Também odiava estar no centro do espetáculo. Jamil ainda acreditava em ter que dar a esse Outro o que imaginava estar sendo requerido dele. Vivia no paradoxo entre essa impossibilidade de ação e manutenção da crença. Paralisava-se. Entalava. Não, definitivamente, a briga não era uma saída. A não ser, é claro, que ocorresse de surpresa, traição pura. Não se incomodava com isso; argumentava consigo que estava cansado, que tinha que tentar mostrar que era forte, e que para isto não havia regras. Mais do que tudo, não suportava aquela humilhação toda! Ora, se Jurky não respeitava as regras da civilidade e gentileza, às quais Jamil sempre tinha que se sujeitar, que diariamente lhe eram exigidas, ainda mais sendo filho de quem era.

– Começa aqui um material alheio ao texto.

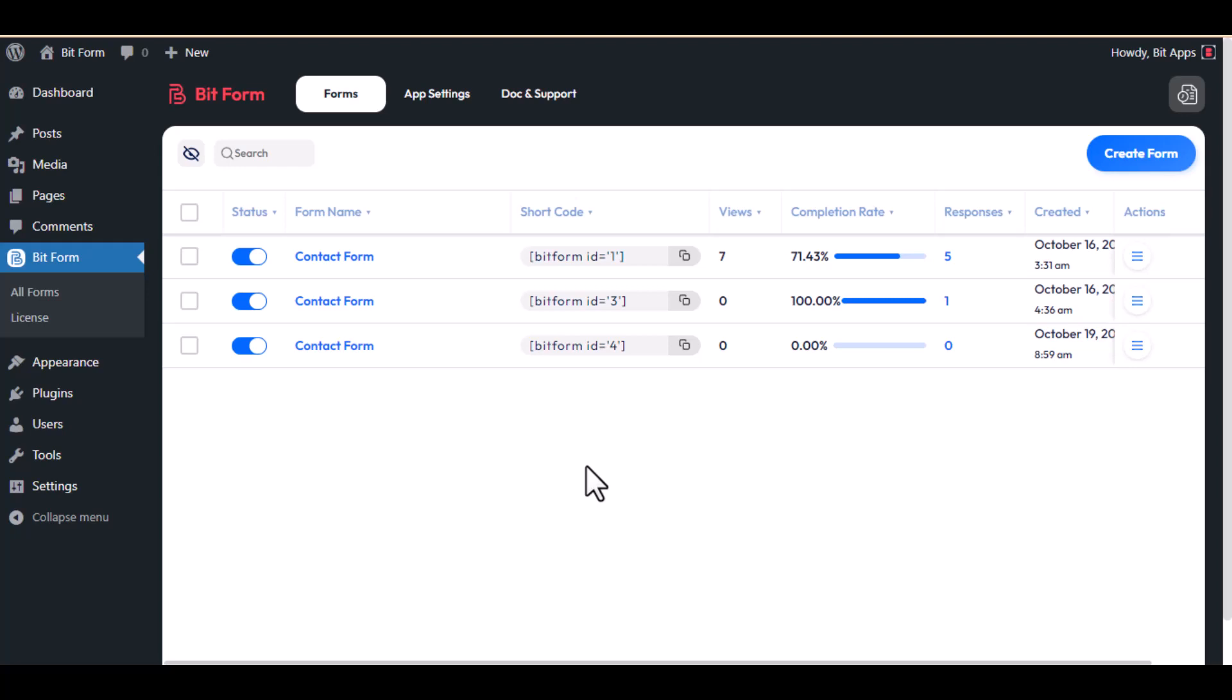Hello, in this video I will show you how to set up Google reCAPTCHA version 3 in BitForm. If you want to protect form submission from spam and abuse, you can use this feature. Let's get started.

Melhor assim. Sabia que o Jurky o seguia mais ou menos até o mesmo lugar, sempre. Naquele ponto, o fluxo de garotos já estaria diluído. Pouca platéia. Esperaria um pouco mais para sair, o que reduziria ainda mais o número de testemunhas. Contaria com a ajuda de Rodrigo, que também não gostava de brigas, era educado, mas não deixaria o melhor amigo na mão, principalmente se estivesse apanhando. Achou melhor ser na saída da aula, aproveitaria um desses dias em que o maldito o aporrinhava também em sua ida para casa; o caminho era o mesmo, assim como a estratégia. Entretanto, estaria armado: sua mochila de cdf, carregada de cadernos e livros era de um peso considerável. Era usá-la como um poderoso EL KABONG na cabeça do maldito, usando um salto no vácuo com joelhada. Situações extremas, medidas desesperadas. Pronto. No guts, no glory (mas isto só aprenderia beemmm depois).
O mundo girou.
Flagrado bulinando uma garota num cantinho, perto da quadra externa, ao lado do campinho, Jurky foi suspenso. O pai da mesma ameaçou de morte. Temendo piores consequências, ou pelo fato de estarem de saco cheio do péssimo investimento na educação de Jurky, acabou sendo transferido pelos seus pais para o noturno de outra escola. Iria trabalhar. Não tinha ECA para moderar.
Jamil até hoje acha que ainda precisa aprender uma arte marcial; nunca se sabe quando vai precisar daquele salto no vácuo com joelhada. Há muitos Jurkys por aí.